それから、もう一つ、先程もお話がありましたように、自分で解決できるような問題までオンブズマンに苦情として持ってくるという方がいらっしゃいます。

そういう方は、政府というのは、個人の生活まですべて責任を持つべきである、というようなことを思っており、何か問題があれば政府を攻めれはいいというように思っている方もいらっしゃるわけですが、実は、その人の不満の中には、十分に説明がされていないことに原因があるのではないか、と思われる場合があります。そのような場合には、私どもオンブズマンが、不満を持っておられる方に対して、政府はこのように適切に対応したということを、きちんと説明するわけです。これは政府がきちんと対応しているので、苦情をお感じになるには及ばないと説明をするわけです。

その場合も、市民の方たちが、オンブズマンをプロの集団であり、非常に専門性の高い、信頼できる組織であるというように見てくださっておりますので、私どもの説明を聞いて、納得してくださるわけです。そういう意味では、私どもオンブズマンは、そういった市民の信頼を得られるまでの立場を確保していると思っております。

森下委員:私たち行政相談委員は、苦情相談については、原則として秘密を守っているわけです。オースティンさんのお話では、調査段階において得た情報を、苦情の発生防止に利用しているということでしたが、この場合、その情報は秘密でございましょうか。

オースティン氏:私ども、もちろん秘密を守るということは、大事なことであると思っております。

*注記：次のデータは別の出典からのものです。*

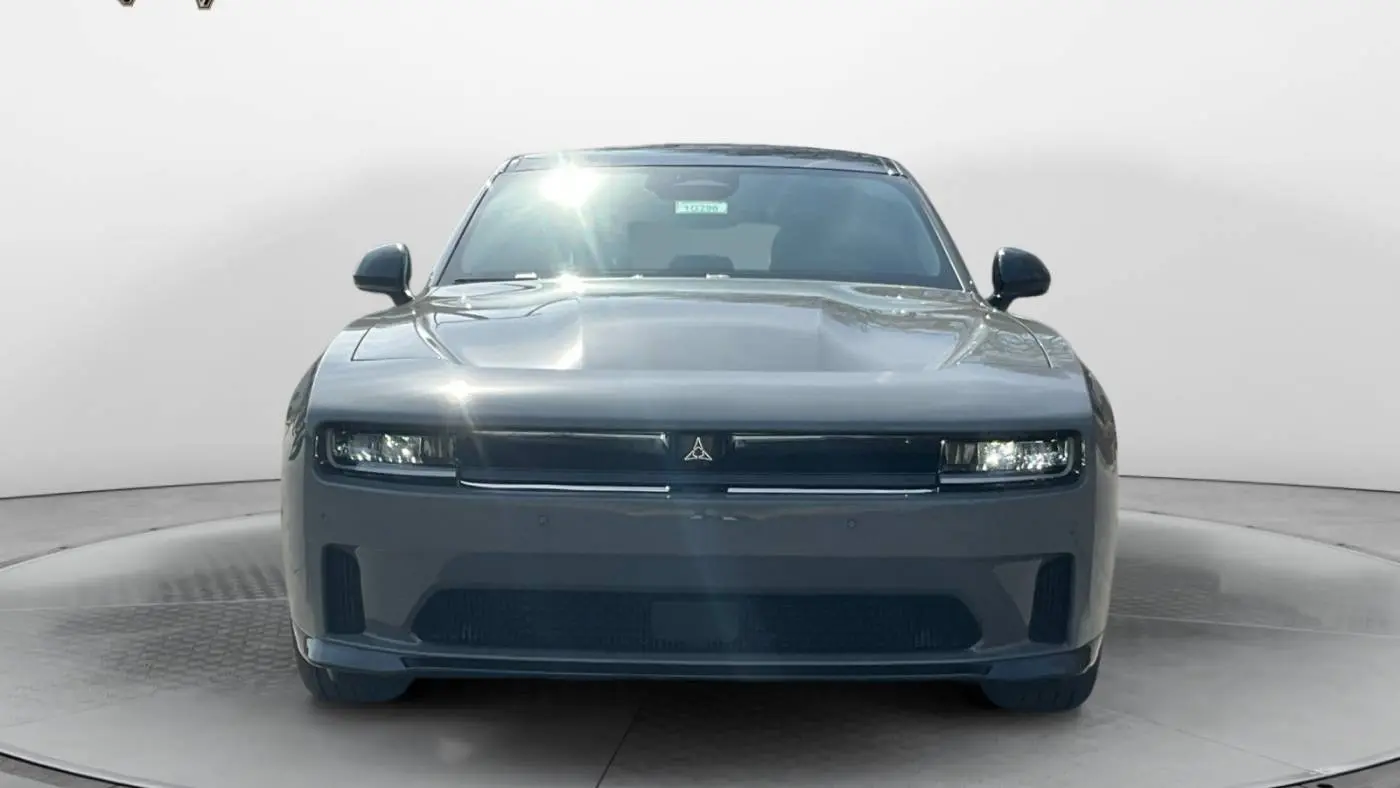 2025 Dodge Charger Daytona 2C3CDBCK5SR560135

特に、個人のプライバシーということにつきましては、これを厳守するということになっております。ただ、調査段階におきましては、いろいろな情報がどうしても必要になってくる場合があります。

私どもは、調査した結果を報告書にまとめて、これを公表しております。その公表段階では、公表しなければいけない情報というものがあるわけです。ただ、その場合も、必ずプライバシーは守るということを第一原則としておりますので、名前に関しては匿名にするとか、あるいは名前を出さないというような形で、プライバシーの侵害につながるような、情報の公開は避けるようにしております。報告書を公表する場合には、やはり、どういったケースを、どのような形で公表するかということを検討し、名前を出してはいけない部分につきましては、もちろん秘密にいたします。

最終的には、二つのタイプの報告書を作るわけです。一つは、すべて、名前も入っているけれども、これは公表しない報告書であり、もう一つは、一般の方たちの目にも触れるというものであって、必ずその場合はプライバシーの侵害につながるような名前の公表はしないということで、すべて名前は伏せて作成されます。そういった二つの報告書を作成するということです。